Having evidence that the SMR is one of the most conserved motifs in HIV-1 Nef, we next turned our attention to the structural characteristics of the SMR, as examined using computer modeling and molecular dynamic simulation. For this purpose, we generated a full length Nef model using Geno3D modeling software, which utilized the Nef sequence (ID CAA41585) to: (i) identify homologous proteins with known 3D structures by using PSI-BLAST; (ii) provide all potential templates through a convenient user interface for target selection; (iii) perform the alignment of both query and subject sequences; (iv) extract geometrical restraints (dihedral angles and distances) for corresponding atoms between the query and the template; (v) perform the 3D construction of the protein by using a distance geometry approach.
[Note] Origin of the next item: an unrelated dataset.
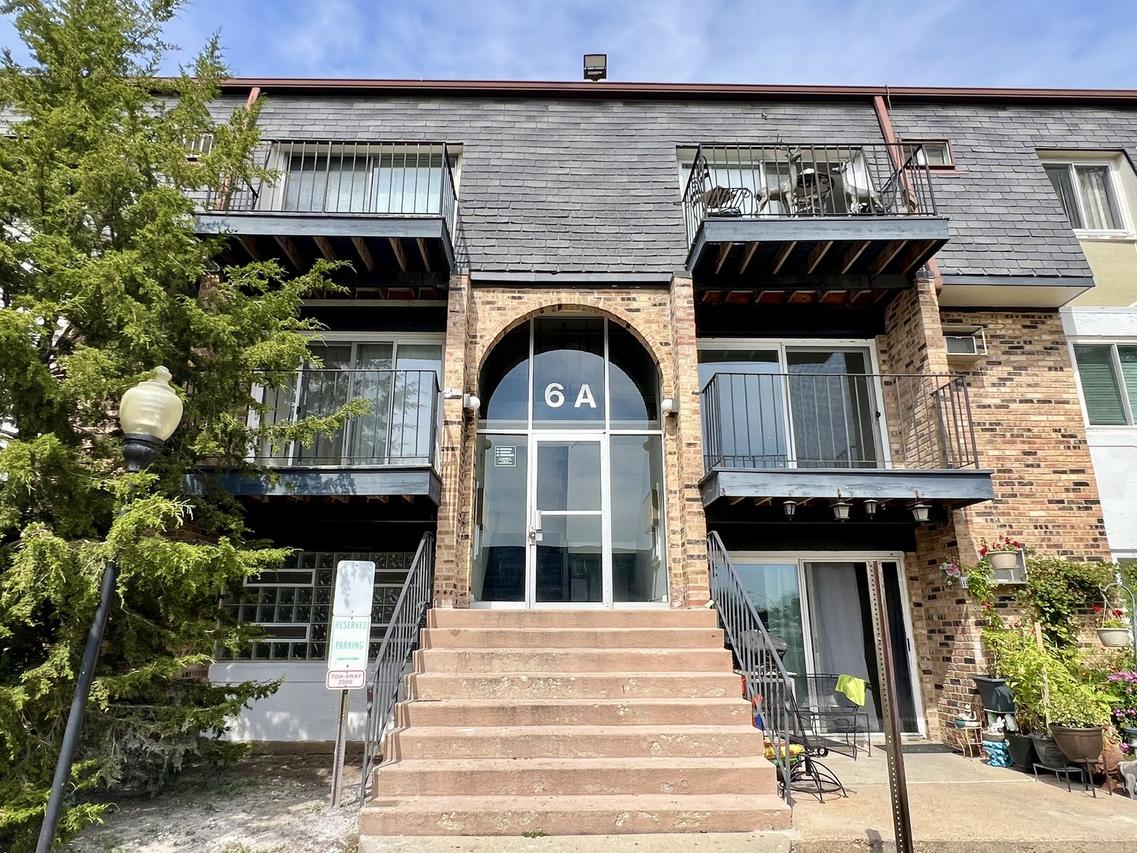 6A Dundee Quarter Dr. #207, Palatine, IL 60074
This three-dimensional model was used to examine putative protein binding sites in Nef, since these conserved residues are most likely to be found at important functional sites. To further identify the SMR as a potential site for interaction with binding partners, the shape and solvent accessibility of the SMR motif was examined to differentiate potential binding sites from the remainder of the protein surface. Additionally, the interface with polar residues and hydrophobic/hydrophilic clusters would also be revealed by this 3D examination of the SMR relative to the rest of the Nef protein structure. Our results indicated that the SMR motif was in an electrostatically and morphologically favorable position to act as a functional binding site. Further quantification of the surrounding Nef amino acids in closest proximity to the core of the SMR domain revealed that Thr-44 and Val-66 were consistently closest to the pocket core, even in 3D-generated Nef mutants. We interpreted these results to indicate the importance of these two amino acid residues for the proper functioning of the SMR binding site. We had already created HIV-1 Nef SMR mutant constructs and tested them in our secretion assay [22] and this new in silico data confirmed data already generated by secretion assays of those Nef mutants. However, the information on the potential importance of Thr-44 led us to create a Nef clone with a T44A mutation and test it in the secretion assay [22]. Interestingly, this mutation also disrupted the ability of Nef to induce its own secretion. This is particularly encouraging, since we have not only confirmed a specific amino acid residue within the SMR (Val-66) as necessary for the proper structure of HIV-1 Nef and for Nef secretion: but we also identified an amino acid residue beyond the SMR motif (Thr-44), that is also important for Nef secretion from Jurkat T-lymphocytes.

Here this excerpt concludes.